Das Unternehmen nenne nur die Zahlen für einen weit in der Zukunft liegenden Moment der Ablaufleistung. „Damit können aber selbst Profis nichts anfangen“, kritisiert der PiL-Chef.
Die Allianz Lebensversicherung betont dagegen, dass sie sich an alle Vorgaben hält. „Unsere Informationen erfüllen stets die Anforderungen, die das Versicherungsvertragsgesetz vorsieht und mit Wirkung zu Mitte 2018 neu gefasst hat“, sagt eine Sprecherin.
Seither weise der Versicherer auch den Auszahlungsbetrag bei Kündigung unter Einbeziehung der Überschussbeteiligung zum Stichtag der Standmitteilung aus.

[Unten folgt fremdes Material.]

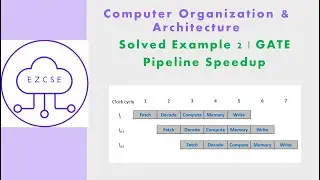 CO37c - Solved Example 2 | Pipeline Speedup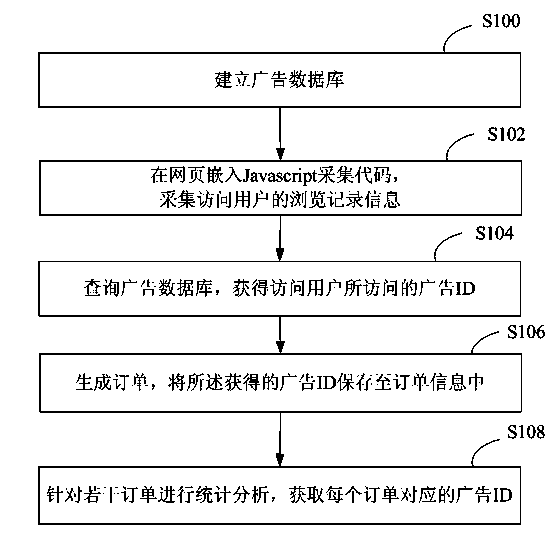 Advertisement serving optimization method and system for same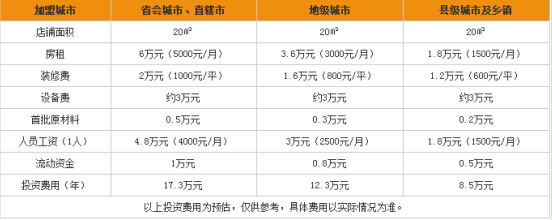 Coco都可奶茶加盟多少钱?10万元圆你创业梦想!
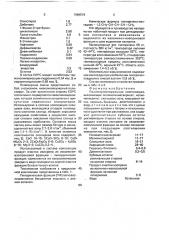 Полимерминеральная композиция (патент 1694519)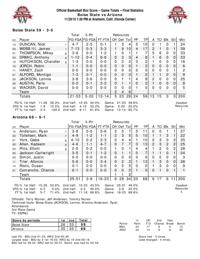 Arizona-Boise II postgame: On Zeus' absence, Anderson's snub and ping pong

Zudem nenne der Versicherer die jeweils aktuellen Rückkaufswerte bei schriftlichen und telefonischen Anfragen sowie im Kundenportal zum jeweils letzten verfügbaren Stichtag. „Auf die Einhaltung gesetzlicher Vorschriften achten wir dabei streng“, betont die Sprecherin.
Verbraucherschützer kritisieren die Versicherer
Die Verbraucherschützer stellen sich jedoch auf die Seite von Goff. „Ich denke, wenn die Allianz dem Geist des neuen Gesetzes folgen würde, müsste sie eigentlich genauere Angaben machen“, sagt Thomas Mai von der Verbraucherzentrale Bremen.
Aber die Juristen des Versicherers würden sich den Passus genau angeschaut haben, und tatsächlich sei das Gesetz in diesem Punkt etwas ungenau formuliert. „Die Erfolgsaussicht einer Klage ist daher schwer einzuschätzen.“
Es gebe bei Gesetzestexten immer einen gewissen Interpretationsspielraum, räumt PiL-Chef Goff ein. Dies eröffne bei einigen Versicherern noch „viel Verbesserungspotenzial“. So liegen laut der PiL-Studie auch Ergo, Victoria, Huk Coburg, Targo und Neue Leben am unteren Ende der Skala.
Goffs Fazit zur Umsetzung der Gesetzesvorgaben fällt eher ernüchternd aus. „In unseren Augen erfüllen derzeit rund 18 Firmen, die zusammen für rund 50 Prozent des deutschen Lebensversicherungsmarktes stehen, die neuen gesetzlichen Vorgaben hinsichtlich der Standmitteilungen zu weniger als 50 Prozent“, resümiert er.